Robotaxis don’t mind the loss of range all that much
As a battery ages, its capacity drops. Humans hate that — having bought a car with a 100 mile range they won’t accept it can now only do 60. For a human, that means time to replace the battery. For a robotaxi, that just means you have a shorter range, and you don’t get sent on long range trips. Or you may decide that while before, you only charged to 60% to get maximum battery life, now you charge more, knowing it will eat the remaining life, but getting the most out of the battery.
Of course, as the range drops, now you run into another problem. You’re carrying around the extra weight of battery for half the range, and it’s costing you energy to do that, especially in an ultralight car where the battery is the biggest component of the weight. (This also enters into the math of whether it makes sense to charge only to 60%.) Eventually the time comes that the battery is not practical.
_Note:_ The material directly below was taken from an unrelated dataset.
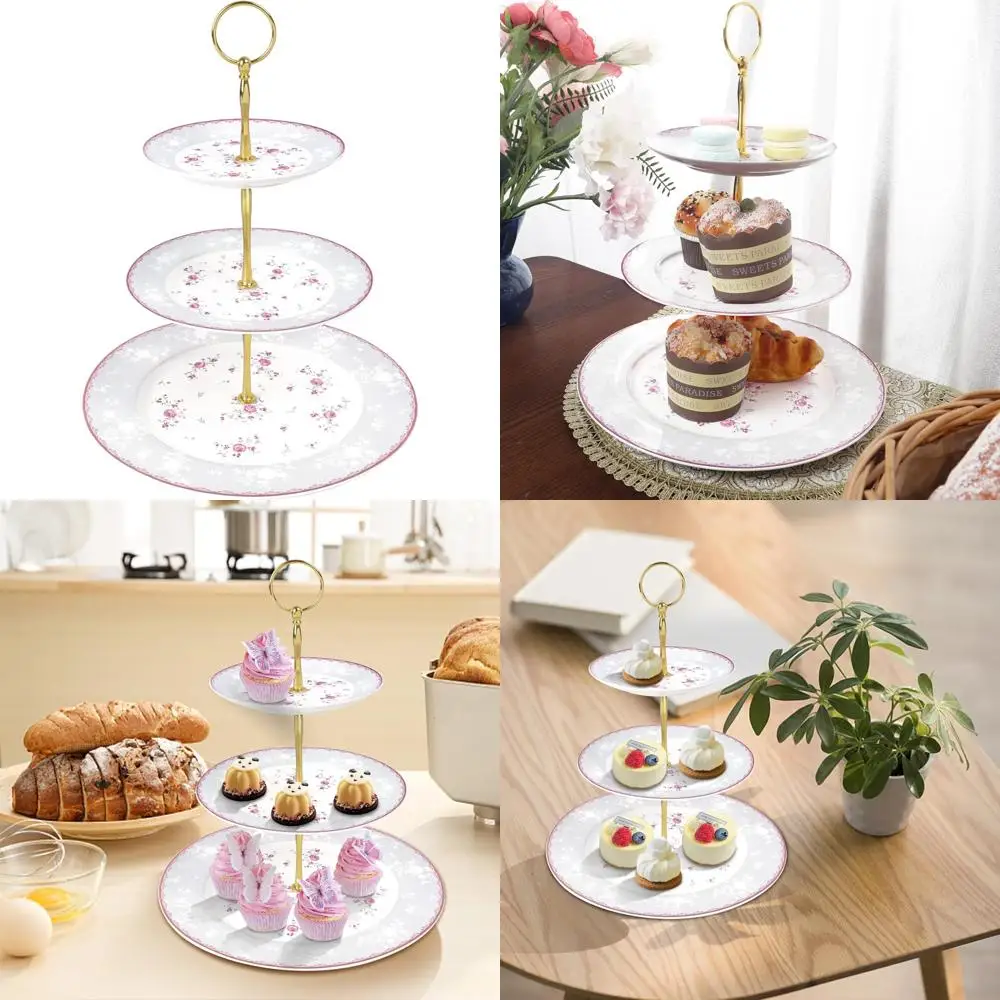 

Pink Rose Three-Tier Porcelain Cupcake Stand, Floral Round Fruit Display Stand, Dessert Tower Tray for Weddings and Birthdays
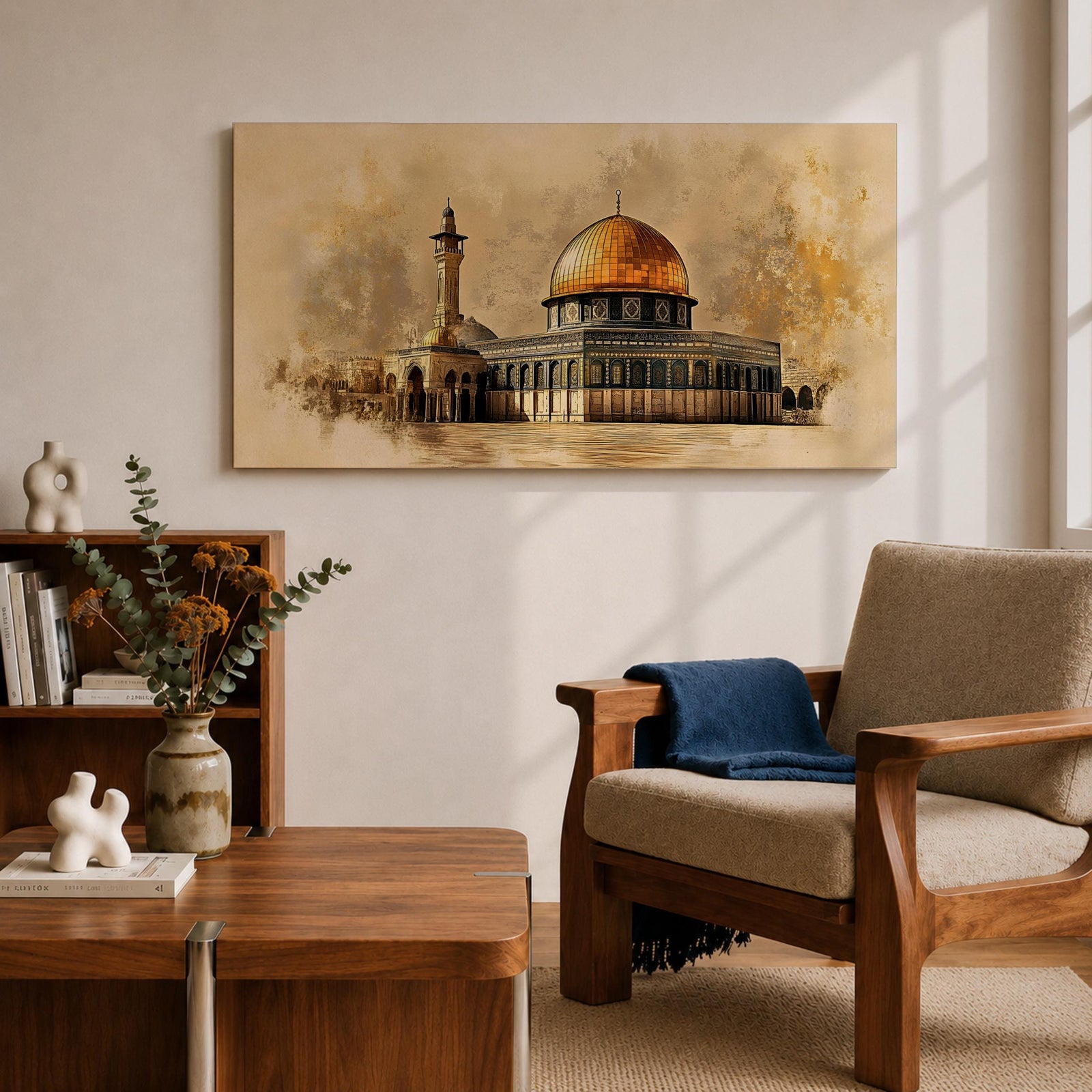 A panoramic artwork of the Dome of the Rock featuring its iconic gold dome and detailed architectural facade, rendered in a textured antique style with soft earthy tones and subtle atmospheric blending, capturing the structure’s symmetry and presence across a wide composition with refined depth and balance.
This is the time to sell it. Tesla and others are working to produce a home and grid storage market for used car batteries. In those applications, the weight doesn’t matter, just the cost for the remaining lifetime watt-hours. You care about the capacity, but you pay a market price for it.
Eventually, even this is not practical and you scrap to recycle the materials.
Typical predictions for Lithium-Ion run from 500 to 1,000 cycles. Tesla’s techniques seem to be beating that. With robotaxis, who knows just how many lifetime kwh we’ll be able to get out of these batteries, or perhaps even other chemistries. Turns out that human drivers like a chemistry that keeps its life as long as possible then falls off a cliff. Slow decline is harder to sell — but slow decline chemistries, like Lithium Iron Phosphate and others could make more sense for the robots that don’t care.
It’s often suggested that electric cars could be used as grid storage. Problem is, with car batteries today, it costs around 15 cents to put a kwh into a battery and get it out. That means to be grid storage, you need to have the spot price on the grid be the price you bought at, plus 15 cents, plus a margin to make it worth this. Night power can get as low as 6 cents, so this does happen, but not as much as one might hope. The problem is that the grid’s peak demand is around 4 to 7pm, which is also a peak time for driving. That’s the last time most car owners will want to drain off their batteries to make a bit of money on the power. You will only do that if you know you won’t be using the car. For a robotaxi fleet, that might be the case. Of course, selling power to the grid you will do it only at a rate that does not harm your battery or warm it up too much.
When the grid gets to a super peak, the price can really spike to attractive numbers. That’s because building extra power plant capacity just for those rare days is expensive, and so almost any price is better. Here we could talk about cars as storage, when we know their batteries are not going to be used. That’s even more true of batteries sitting in a battery swap facility.